I awoke to news of Prince's death that Friday morning (still Thursday in the U.S.) in a hotel room about as far from Minneapolis as you can be. I reacted with a combination of sorrow and homesickness, tempered by words of mourning that I shared with friends, the tributes and essays that appeared in the press, and the trove of mesmerizing live performances that breached Prince's legal firewall. I half-expected my VPN to cancel my subscription for all the megabytes I was downloading.

One of the images that got to me most was that of a bepurpled City Hall in Los Angeles, my hometown. There was the world's most star-studded city paying tribute to arguably the world's greatest star.

As night fell in Shanghai, the digital billboards and architectural light shows went on as usual, a ironically psychedelic sight in a largely conservative country.

***
I would never claim to know China well. I can't imagine that a place of 1.3 billion can ever be known "well," even by its own natives.
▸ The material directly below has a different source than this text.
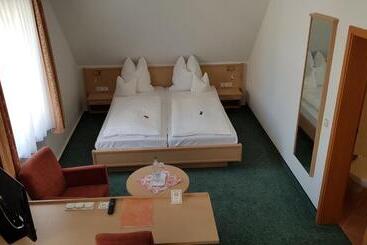 هتل Gasthof Specht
But, in advising Chinese students on U.S. college applications over the past few years, I've gotten an intimate look at a narrow, if fascinating, look into the Middle Kingdom.

The students with whom I tend to work have legitimate shots at many of those schools, surely not because of anything I do but because they are innately brilliant and diligent. Like other diligent, brilliant people, they thrive on collaboration, second opinions, and the occasional nudge. I have worked with students who have done original research in quantum physics, won math contests and debate tournaments (in English), and written essays that have left me breathless with their eloquence. They have excelled in some of the most rigorous high school curricula imaginable.

And yet, something is missing. Not from my students individually, but from their world.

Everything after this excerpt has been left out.